Reliability of FAN2020

Compared with other inventories, FAN2020 reports much lower agricultural N₂O emissions (Fig. 1e), largely due to the adaption of EFs and parameters in manure left on pasture and manure management, and indirect N₂O emissions from N leaching/runoff. On one hand, the adaption of EF₃, N excretion rates of livestock, fraction of manure in management systems brought some of inconsistency. EF₃ of manure left on pasture was adapted from 0.02 kg N₂O-N kg⁻¹ N in IPCC 2006 to 0.004 kg N₂O-N kg⁻¹ N in IPCC 2019 for cows, swine, and poultry, and from 0.01 kg N₂O-N kg⁻¹ N to 0.003 kg N₂O-N kg⁻¹ N for sheep and other livestock (Table S2) [7,16]. In the meantime, N excretion rates of goat and sheep decreased to 0.34 kg N (1000 kg animal mass)⁻¹ day⁻¹ from 1.37 kg N (1000 kg animal mass)⁻¹ day⁻¹ and to 0.32 kg N (1000 kg animal mass)⁻¹ day⁻¹ from 1.17 kg N (1000 kg animal mass)⁻¹ day⁻¹, respectively (Table S3) [7,16]. In addition, the fraction of manure in management systems was quantified in detail in IPCC 2019, while largely omitted in IPCC 2006 (Table S3) [7,16]. The adaption of these parameters decreased N₂O emission estimates by 13–30.7 Gg N₂O yr⁻¹ for manure management and by 70.6–123.5 Gg N₂O yr⁻¹ for manure left on pasture (Fig. S4), accounting for part of the inconsistency of our FAN2020 with other datasets including EDGAR v7.0, GAINS, and FAOSTAT (Fig. S1). On the other hand, the remaining difference is mainly due to the adaption of EF₅ and the fraction of N loss by leaching and runoff to N applications. EF₅ used in this study was derived from Zhou et al. [14], which was 0.0065 kg N₂O-N (kg N leaching and runoff)⁻¹ (i.e. the sum of the EF values from different leaching and runoff systems). In contrast, EF₅ were 0.011 kg N₂O-N (kg N leaching and runoff)⁻¹ in IPCC 2019 and 0.0075 kg N₂O-N (kg N leaching and runoff)⁻¹ in IPCC 2006 [7,16]. Moreover, this study estimated the fraction of N loss by leaching and runoff to N applications ranging from 1.21–8.27% for paddy rice and 0.61–8.74% for upland crops.

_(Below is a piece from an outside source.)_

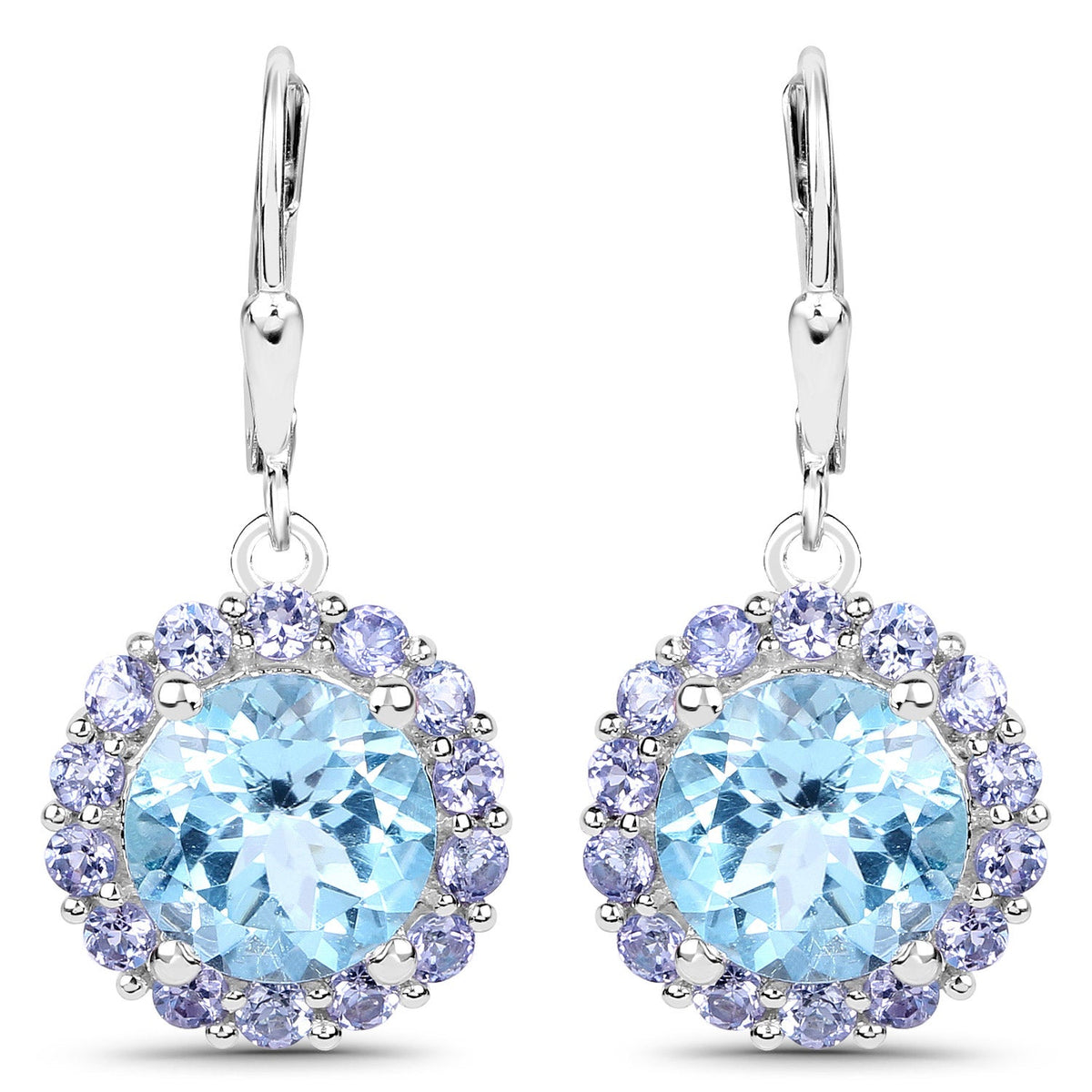 Boucles d'oreilles en argent sterling .925 ornées de topazes bleues véritables et de tanzanites (9,96 carats)
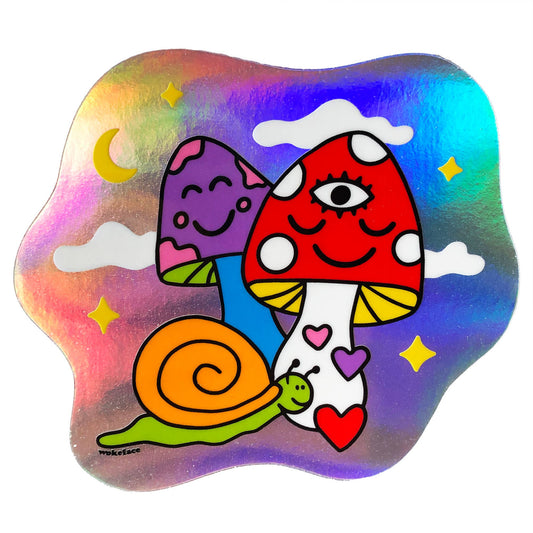 Cosmic Mushrooms Holographic Sticker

On the contrary, most of the other datasets used the default fractions of 24% and 30% by IPCC 2019 and IPCC 2006, respectively [7,16].

Moreover, FAN2020 adapted EF₁ (see Table S4, emission factors for agricultural synthetic fertilizer and manure application, N deposition, and N mineralization) into six climate regions according to Zhou et al. [14] to improve the accuracy instead of simply using IPCC Tier 1. In IPCC 2019, EF₁ was defined as 0.01 kg N₂O-N kg⁻¹ N for upland and 0.004 kg N₂O-N kg⁻¹ N for paddy without considering regional climate effect [7]. According to Zhou et al. [14], the EF₁ show obvious regional differences along the whole country: EF₁ for upland was relatively high in the East (0.0157 kg N₂O-N kg⁻¹ N) and Northeast (0.0149 kg N₂O-N kg⁻¹ N), but lower in other regions (0.0065–0.0093 kg N₂O-N kg⁻¹ N), and EF₁ for paddy ranged from 0.0052 kg N₂O-N kg⁻¹ N to 0.0161 kg N₂O-N kg⁻¹ N in China, which was relatively higher than that of 0.004 kg N₂O-N kg⁻¹ N in IPCC 2019 [7]. Optimization of EF₁ increased the regional resolution of agricultural N₂O emissions (Fig. S5).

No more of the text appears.